Representatives of the U.K.'s renewable energy and solar industries have criticized today's announcement by the Department of Energy & Climate Change (DECC) to place a £200 million ($340 million) cap on subsidies for the leading forms of renewable energy from October.
Under the controversial Contracts for Difference (CfD) scheme, the funds will be spread across three different pots of technologies. Large-scale solar has been grouped in Pot 1, where it must compete with onshore wind and conventional-waste-to-energy technologies for the £50 million ($85 million) per year allocated to it.
Pot 2, in contrast, has been allocated the bulk of the monies £155 million ($263 million) and comprises less-established and more expensive technologies that must fight it out for the allocated funds. This decision has angered solar and renewable energy advocates in the U.K., who have accused the energy secretary, Ed Davey, of "stacking the deck against solar".
"The message the government is sending out today is clear it is backing nuclear and other more expensive renewables over value-for-money solar," said Leonie Greene, head of external affairs at the Solar Trade Association (STA). "This is an absurd decision that will ultimately hit bill payers across the U.K."
The CfD scheme is a new funding mechanism that the DECC claims will help propel the decarbonization of the U.K.'s energy market without impacting on consumers' electricity bills. In announcing the funding limit, Davey said: "Our plan is powering growth and jobs as we build clean, secure electricity infrastructure for the future. By radically reforming the electricity markets, we are making sure that decarbonizing the power sector will come at the lowest possible cost to consumers."
The DECC calculates that these measures will shave 6% (approx $60) off the average monthly electricity bill, and nurture the creation of 250,000 clean energy jobs. However, the STA argues that the CfD scheme, in its complexity, disadvantages the small- and medium-sized business that dominate the solar sector in the U.K., and instead favors multinational utilities that can outbid their solar rivals at auction.
"The point is that only large-scale (>5 MW) solar, which was on track to being subsidy-free, is being exposed to this new CfD system without having the back-up of an old scheme," said Greene. "The government needs to fix that by guaranteeing a minimum amount of funds for solar."
Blow for renewables
Under a similar scheme, the U.K.'s nuclear industry has received close to £80 billion in subsidy backing, while the STA calculates that today's announcement amounts to a cut in support of between 65% and 80% for large-scale solar installations once the withdrawal of the Renewable Obligation (RO) certificate is factored in from next April.

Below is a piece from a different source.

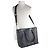 Borsa a tracolla Coach F29032 in pelle Herringbone Marrone Nero - vista 3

The Renewable Energy Association (REA), while recognizing the need for the government to limit the cost of renewables subsidies to consumers, was also critical of the DECC's tilt away from clean-energy support, especially among the more established technologies such as solar power.
"The limited funding for several key technologies will send shockwaves through the industry," said REA chief executive Nina Skorupska. "It is really important not to lose sight of the bigger picture. Ultimately, all renewables, not just in power but in heating and transport too, are really competing with fossil fuels that are mostly imported from overseas and damage the climate."
The energy minister's rhetoric of striking a fair balance between a cleaner future and lower energy bills for consumers was also criticized by the REA, with Skorupska adding that while cost-effectiveness is important, the "DECC cannot say that this planned budget delivers value for money for the consumer", adding: "The best way to square the circle is by properly funding the cheaper technologies and introducing minimum deployment guarantees for all technologies."
A minimum deployment guarantee would, Skoruspka claimed, aid the steady deployment of clean energy projects across all major renewable sectors, particularly solar. Without it, industry experts fear that many solar projects are in danger of being scrapped, and fewer low-carbon installations could be built as a result.
The head of the REA, Paul Thompson, remarked that it is vital that cost-effective technologies such as solar and onshore wind are given sufficient budget to minimize the short-term costs for customers something the CfD fails to provide; and that the CfD also fosters a conducive environment for early-stage clean technologies such as geothermal, wave and tidal power something the CfD appears set up to do.
Finlay Colville of NPD Solarbuzz told pv magazine that the realities of the CfD will remain unknown until Fall, when the new funding policies are formally implemented.
"The key issue for the U.K. solar industry under CfDs remains the capacity set to be allocated under the first auction round in September, the strike prices bid for, whether onshore wind will really keep to RO funding, and what is left in the Control Levy Framework pot out to 2021 for renewables," Colville said.